> _What is needed_
All pictures are to be omitted while the lines starting at the line with "Aye Yar River" and ending at the line with "Volkswagen Tayron R-Line" in the material below are retyped exactly, both ends included.

> _Data extract_
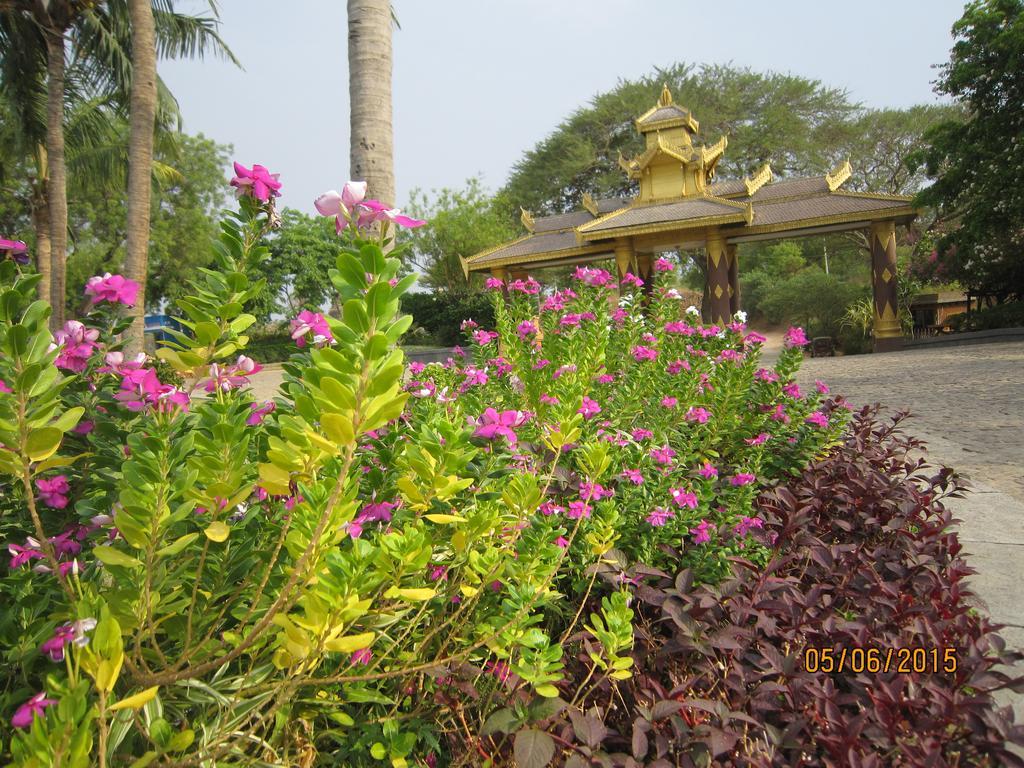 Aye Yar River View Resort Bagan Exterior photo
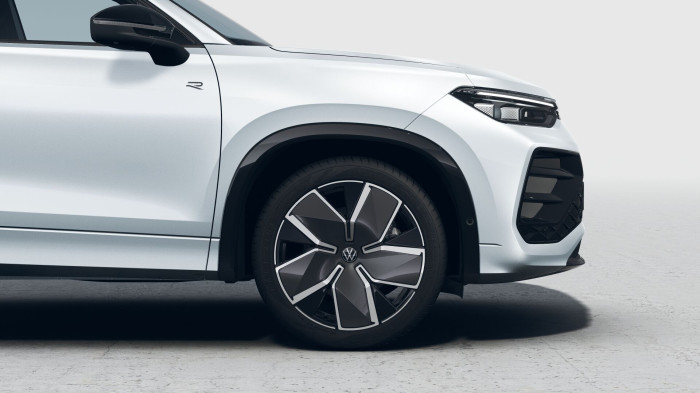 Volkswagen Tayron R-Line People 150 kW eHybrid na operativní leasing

* * *

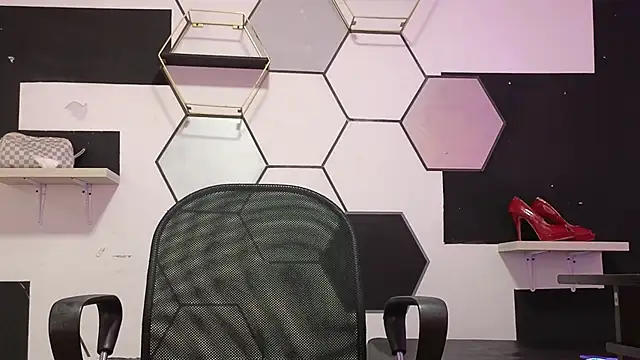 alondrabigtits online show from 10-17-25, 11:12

==

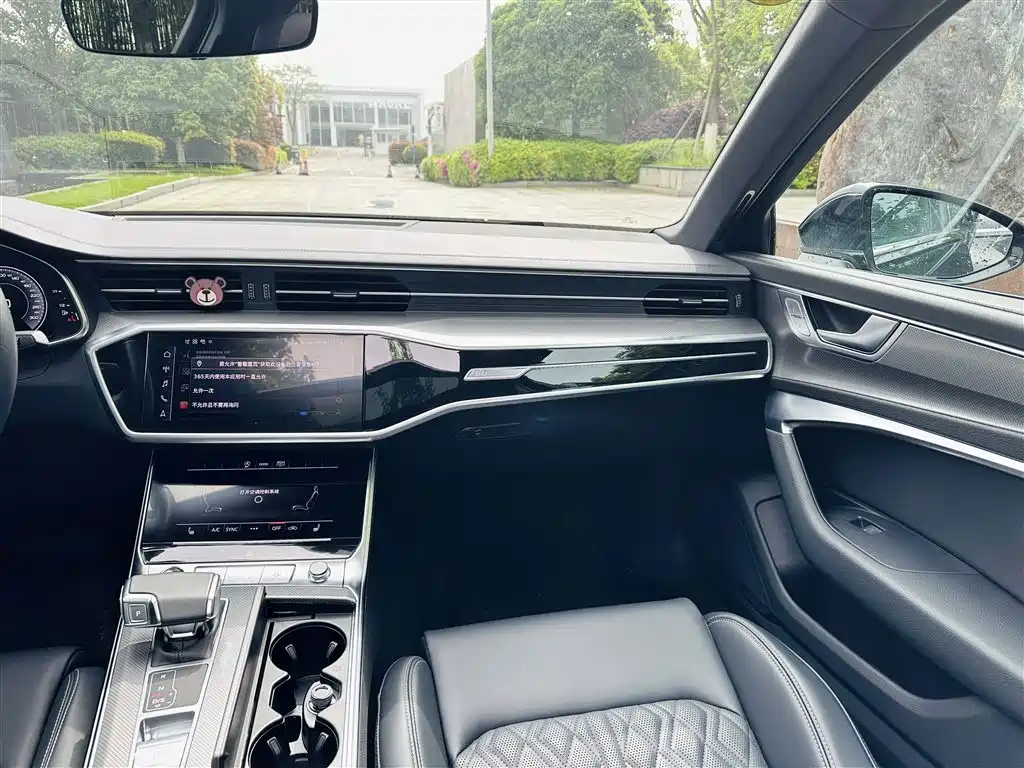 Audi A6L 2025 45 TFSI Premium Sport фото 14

> _Exercise answer_
 Aye Yar River View Resort Bagan Exterior photo
 Volkswagen Tayron R-Line People 150 kW eHybrid na operativní leasing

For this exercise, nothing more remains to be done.